» THE DATA
- - - - -

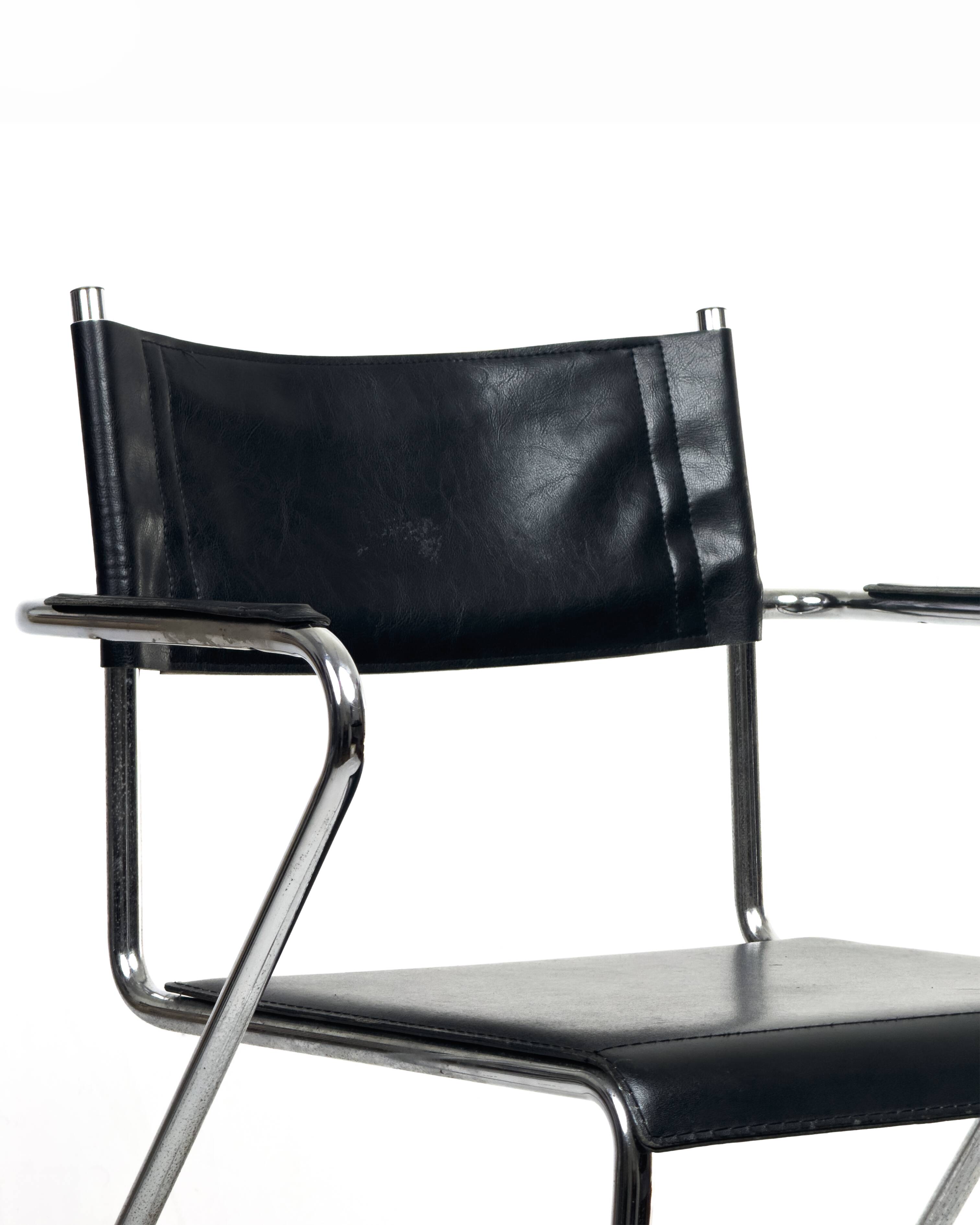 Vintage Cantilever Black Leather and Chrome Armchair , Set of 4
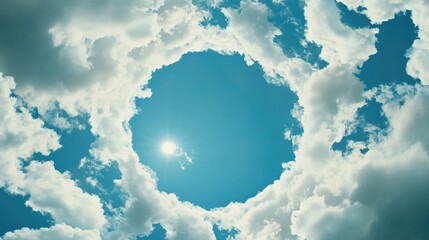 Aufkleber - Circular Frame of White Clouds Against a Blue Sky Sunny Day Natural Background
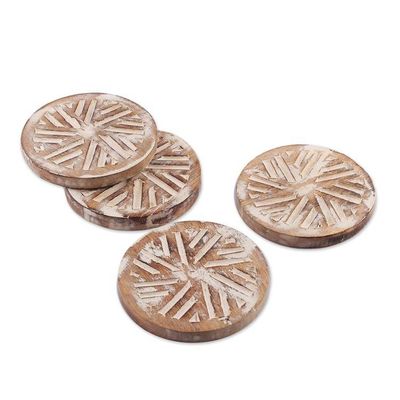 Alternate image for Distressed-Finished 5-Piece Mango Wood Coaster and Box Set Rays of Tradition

- - - - -

» TASK TO CARRY OUT
Transcribe the data word for word, with no images.

» OUTPUT FOR THIS EXERCISE
 Vintage Cantilever Black Leather and Chrome Armchair , Set of 4
 Aufkleber - Circular Frame of White Clouds Against a Blue Sky Sunny Day Natural Background
 Alternate image for Distressed-Finished 5-Piece Mango Wood Coaster and Box Set Rays of Tradition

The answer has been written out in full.